2 La théorie de la consolidation

Squire et Alvarez (1995) interprètent les gradients temporels observés dans certains tableaux d’amnésie rétrograde comme un trouble de la consolidation. Le lobe temporal interne et les structures qui lui sont associées interviennent dans l’encodage de l’information et dans la récupération de celle-ci pendant une certaine période. Celle-ci varie de 2 à 3 ans dans les travaux de Graham et Hodges (1997) dans la démence sémantique à plus de 10 ans dans ceux de Reed et Squire (1998). Le lobe temporal interne exerce un lien temporaire entre les multiples régions du cortex associatif qui stockent l’événement vécu. Lorsque la consolidation est complète, la réactivation du souvenir de l’évènements (co-activations de diverses régions néocorticales) est possible sans recours au lobe temporal interne. Dans cette théorie, les souvenirs les plus anciens sont maintenus en cas de lésion de la région temporale interne et les souvenirs les plus récents épargnés dans l’atteinte néocorticale (mais non hippocampique) de la démence sémantique. La distinction entre mémoire épisodique et mémoire sémantique n’apparaît pas dans cette théorie. Des données issues de la neuropsychologie développementale sont venues enrichir cette théorie avec les travaux de Vargha-Khadem (1997) qui a rapporté les observations de trois enfants ayant des lésions précoces de l’hippoccampe qui présentaient une amnésie antérograde et rétrograde massive, n’ayant aucun souvenir « d’épisodes de vie » mais une mémoire sémantique et en particulier des connaissances langagières ou scolaires dans la norme ! On distinguerait alors dans ce modèle la mémoire déclarative récente (moins de 10 ans ?) de la mémoire déclarative ancienne.

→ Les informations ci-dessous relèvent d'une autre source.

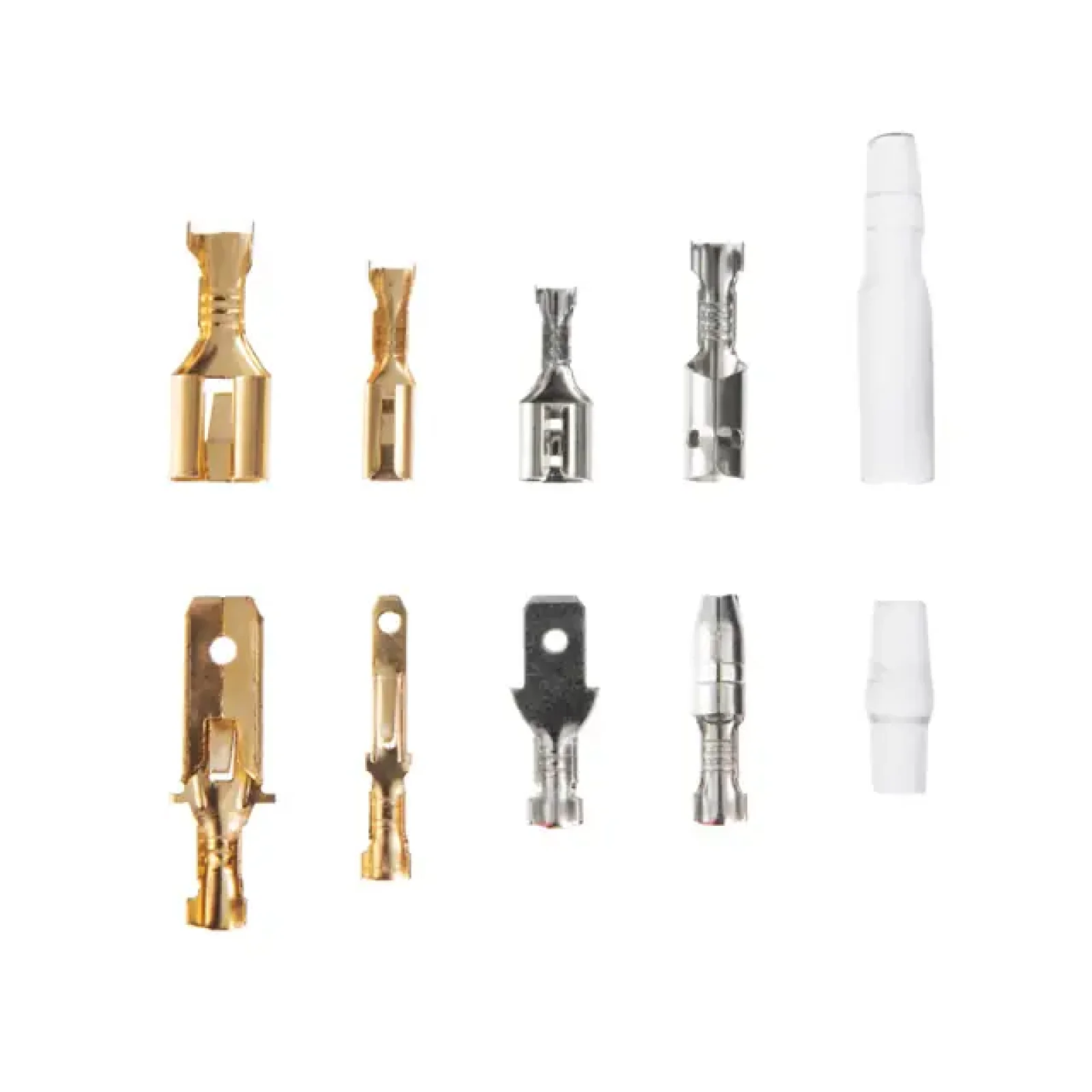 Коннектори обтискні, 150 шт., для автомобільної електропроводки INTERTOOL (TC-9005) UA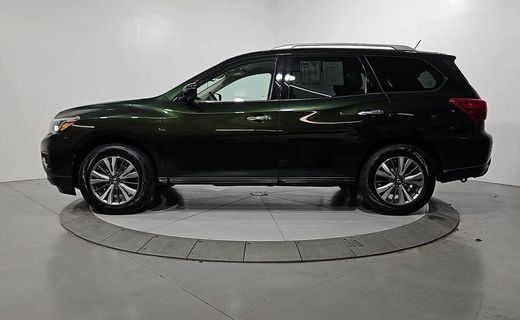 2018 Nissan Pathfinder S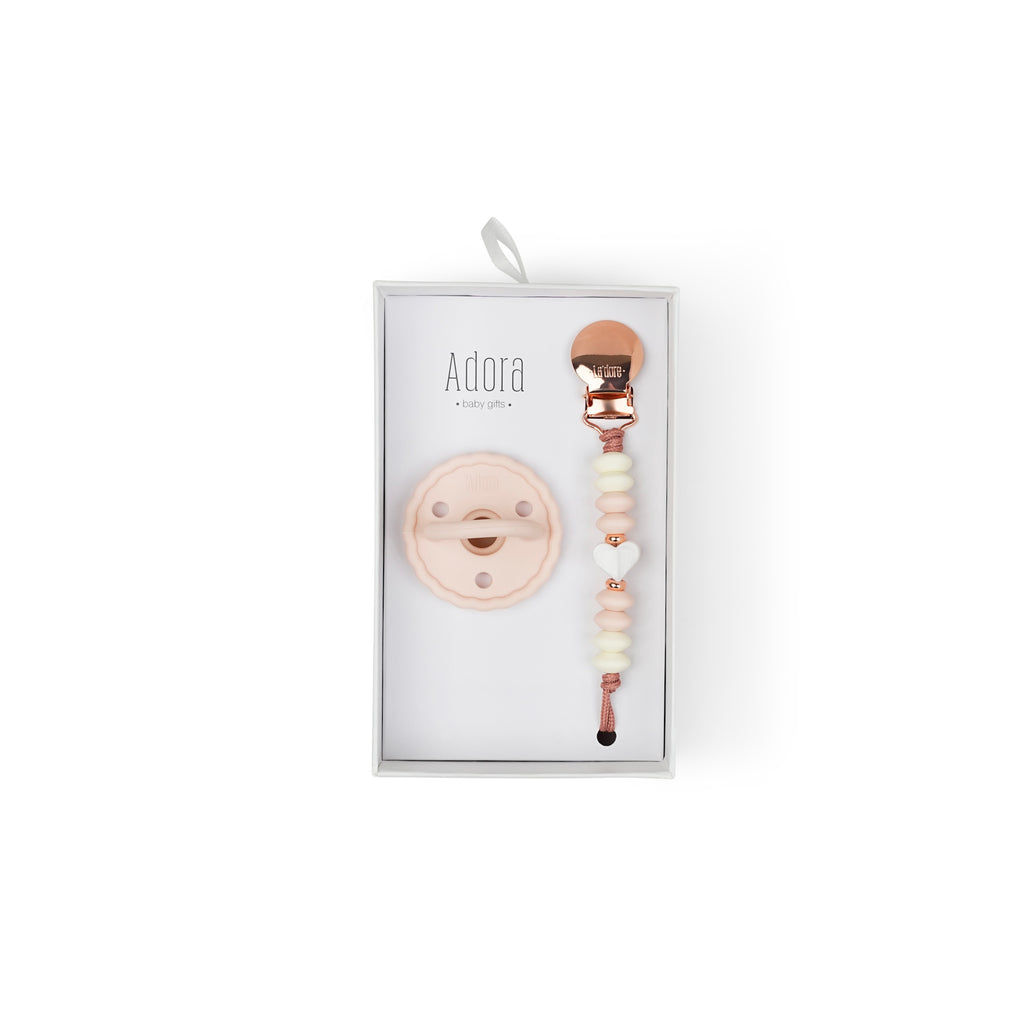 Adora Pacifier Clip Set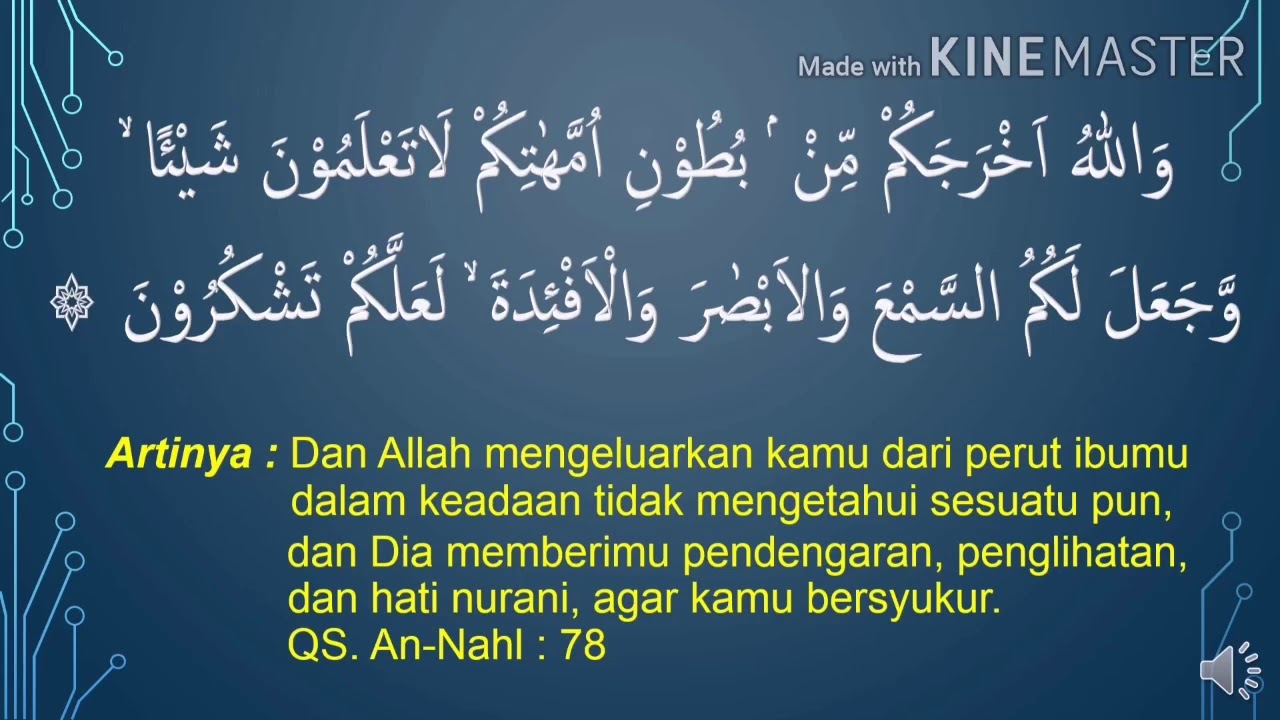 Detail Surat An Nahl Ayat 81 Nomer 30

Des auteurs ont proposé pour réunir la théorie de la sémantisation et la théorie de la consoli-dation que les souvenirs récents sont épisodiques et les souvenirs anciens sémantiques (Hodges et Graham, 1998). Nadel et Moscovitch (1997) propose d’amménager le modèle de Squire et Alvarez (1995) afin d’intégrer la notion de mémoire épisodique et sémantique en postulant un modèle « traces multiples » où le lobe temporal n’exerce plus un rôle temporaire dans le stockage et la récupération mais un rôle permanent. Lorsque la consolidation est complète, le lobe temporal interne continue d’indexer les divers éléments de la trace mnésique. Avec le temps, les souvenirs sont soit oubliés, soit grâce à la formation de traces multiples, deviennent plus faciles d’accès. L’étendue de l’amnésie rétrograde serait liée à la taille de la lésion du lobe temporal interne et la forme du gradient temporel dépendrait du nombre de réactivation et de la complexité de l’événement (traces multiples). En outre le lobe frontal serait particulièrement important pour la dimension temporel de l’événement.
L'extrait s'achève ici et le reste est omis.